La clé de la chambre d’hôtel à Bidarray cliquette dans ma main. L’air frais du Pays Basque me fouette le visage après la route sinueuse depuis la France. Je suis Anonyme ici, valise légère, pas de repères, juste ce besoin de lâcher prise. Le village sonne comme une cloche lointaine, murmure de souvenirs basques. Je descends au bar de l’hôtel, lumière tamisée, odeur de Ricard et de bois ciré. Ronronnement sourd d’un vieux moteur dehors, phares qui balaient la nuit.

Un verre de patxaran devant moi, je sens la liberté m’envahir. Loin du quotidien, des regards connus. Un homme entre, grand, épaules larges, espadrilles usées, accent roulant comme les collines. Etchegarray, qu’il dit en riant, serrant ma main ferme. On chante la vieille chanson : ‘J’ai rencontré Etchegarray, on a mangé la soupe à l’ail…’ Ses yeux sombres me scannent, frisson électrique. Pas de résistance. On parle cueillettes, champignons sous Erreitto, truites pêchées à la main. Sa voix grave, mains calleuses qui effleurent mon bras. Le bar se vide, lumière baisse. ‘Venez voir le portail, là-haut, près du ravin.’ Mon cœur cogne. Oui.

L’Approche : Liberté et frisson de l’imprévu

On sort, nuit épaisse, étoiles basques. Sa voiture, un vieux Unimog bleu ciel, tousse en démarrant. Route caillouteuse, virages serrés, son genou contre le mien. Arrêt brusque près du portail rouillé, fougères humides, torrent qui gargouille en bas. Il m’attire, lèvres rugueuses sur les miennes, goût d’anis et de terre. Mains partout, chemise arrachée, seins libérés à l’air froid. ‘Putain, t’es bonne,’ grogne-t-il, accent basque qui bande ma chatte.

L’Explosion : Baise crue et sans limites

Contre le portail froid, il me soulève, jupe relevée, cul nu sous la lune. Sa bite dure comme un chêne, veines gonflées, jaillit de son froc. Je la gobe, avidement, salive qui coule, gorge profonde. Il gémit ‘Segi, jarraitzazu!’ – continue. Je mords le gland, suce les couilles poilues. Il me plaque, jambes écartées, portail qui grince sous les coups. Sa queue s’enfonce d’un trait, trempée, jusqu’aux couilles. Coups de reins sauvages, claquements mouillés, mes jus qui giclent sur ses cuisses. ‘Baise-moi fort, Etchegarray!’ Je hurle, ondes de plaisir qui me traversent. Doigts dans mon cul, il accélère, sueur salée, odeurs de sexe et de mousse. Orgasme qui explose, cuisses tremblantes, il jouit dedans, sperme chaud qui déborde, ruisselle sur le métal froid. On halète, corps collés, torrent qui rit en bas.
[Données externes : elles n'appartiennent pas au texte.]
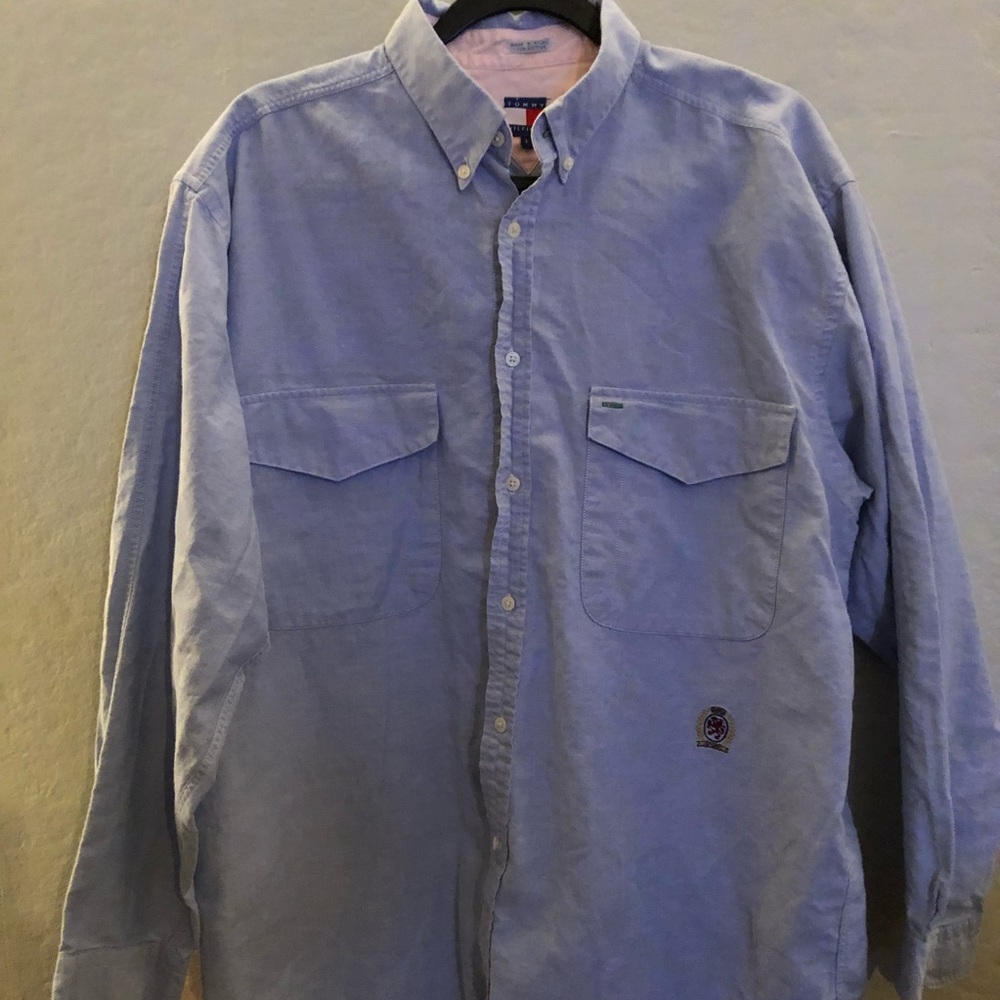 TOMMY HILFIGER | Button Up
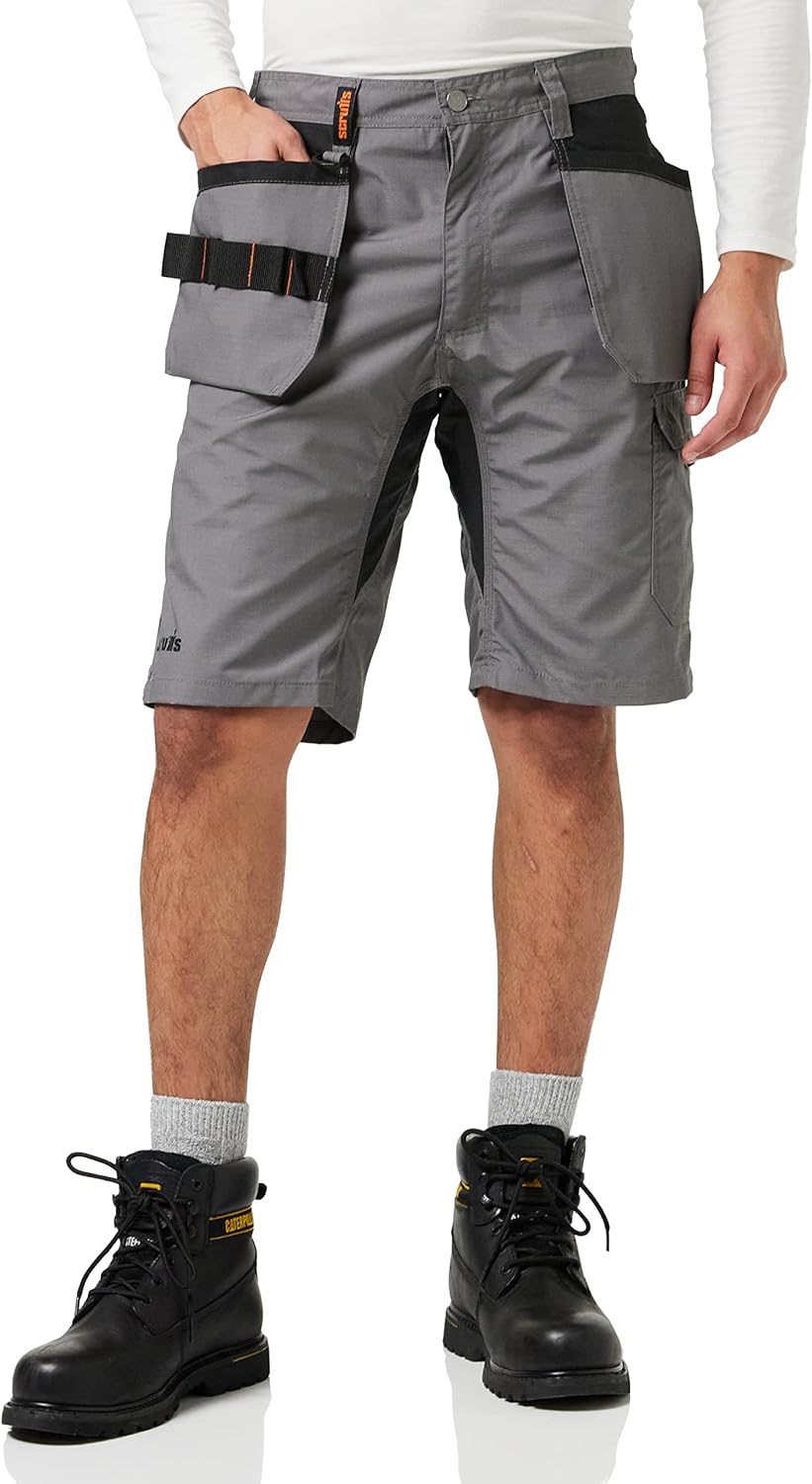 Scruffs T54649 Trade Flex Holster 44 Anthrazit Einfarbig, 44 Anthrazit Einfarbig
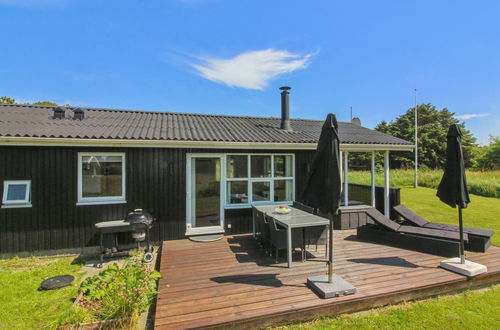 Foto 13 - Casa de 3 quartos em Løkken com terraço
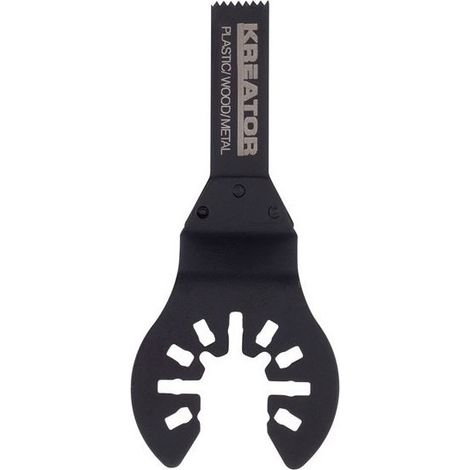 lame de scie universelle pour outil oscillant multifonctions (1/3)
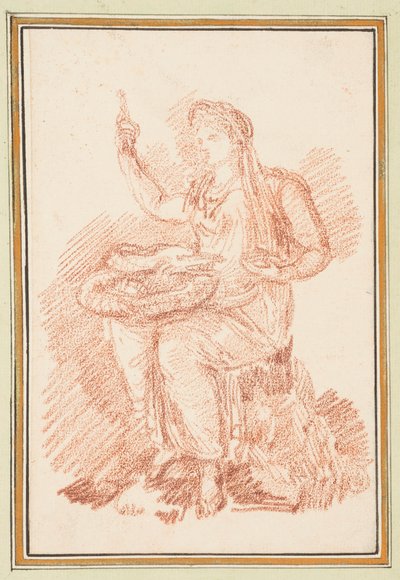 Minerva Giustiniani af Jean Robert Ango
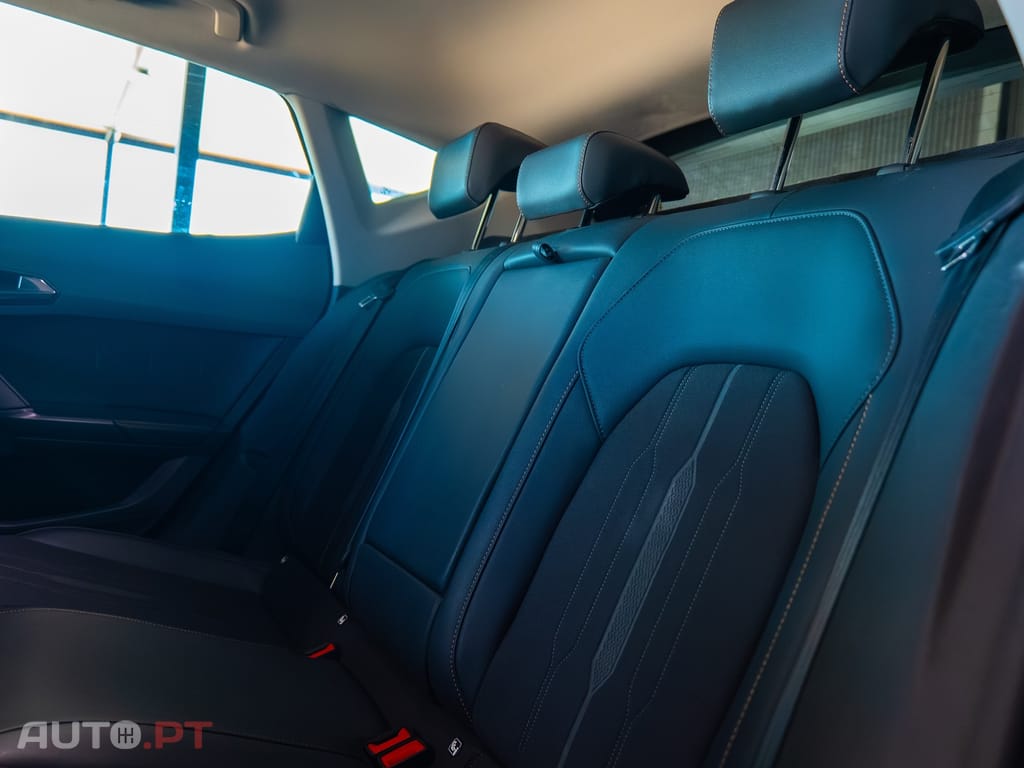 Cupra Formentor 1.5 TSI Plus DSG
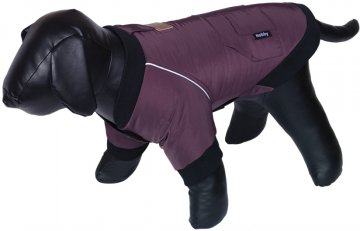 Nobby obleček SEBIS pre psa s nohavičkami ružová 20cm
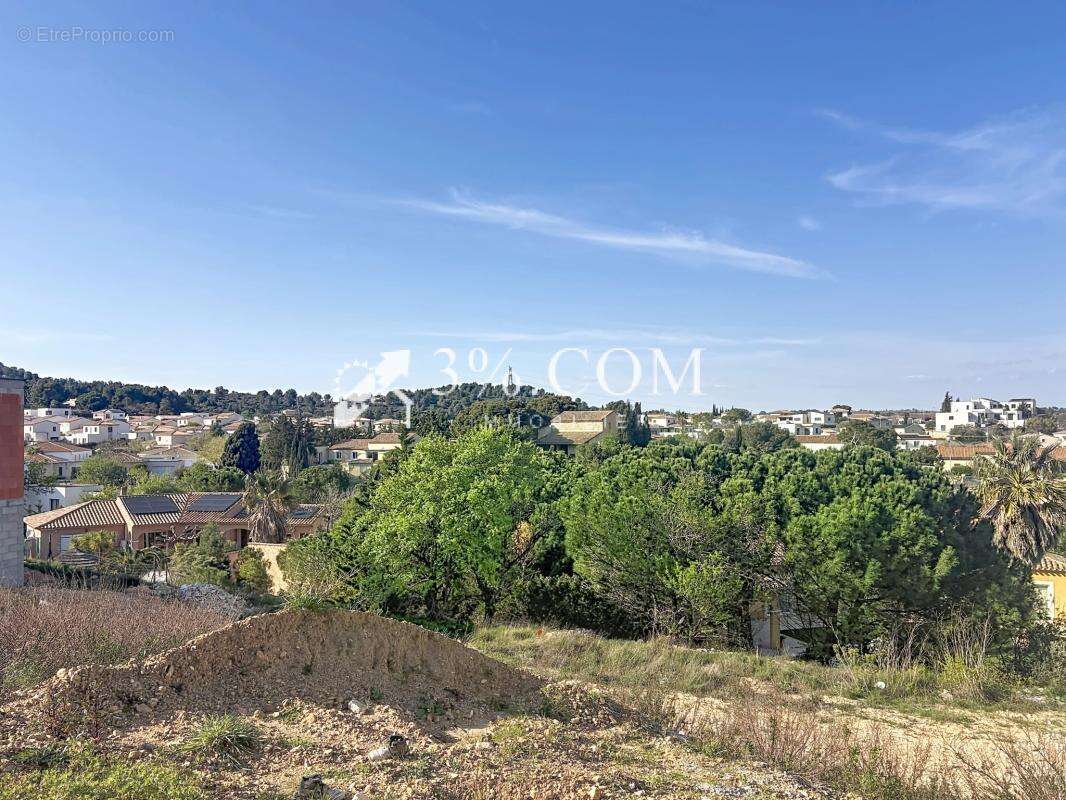 Terrain à NARBONNE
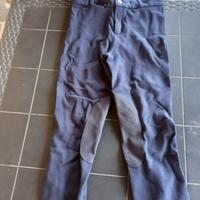 pantaloni da equitazione 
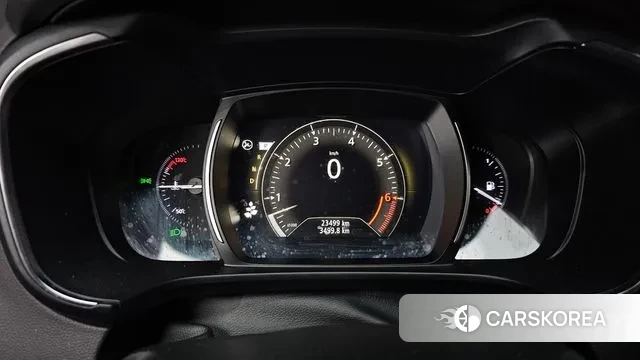 Renault Korea (Samsung) QM6 id 2902731 из Кореи 18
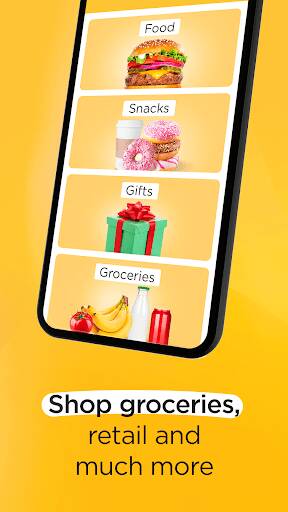 Screenshot From Our Glovo: Food Delivery and More Review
Retour silencieux, Unimog qui brinqueballe. Il me dépose à l’hôtel, sourire complice. ‘Adio.’ Je monte, douche brûlante, goût de lui sur la peau. Valise bouclée à l’aube, clé rendue au comptoir désert. Brume sur Bidarray, je redémarre, anonyme redevenue. Plus de trace, juste ce frisson gravé, libre pour la prochaine escale. La route appelle, désirs intacts.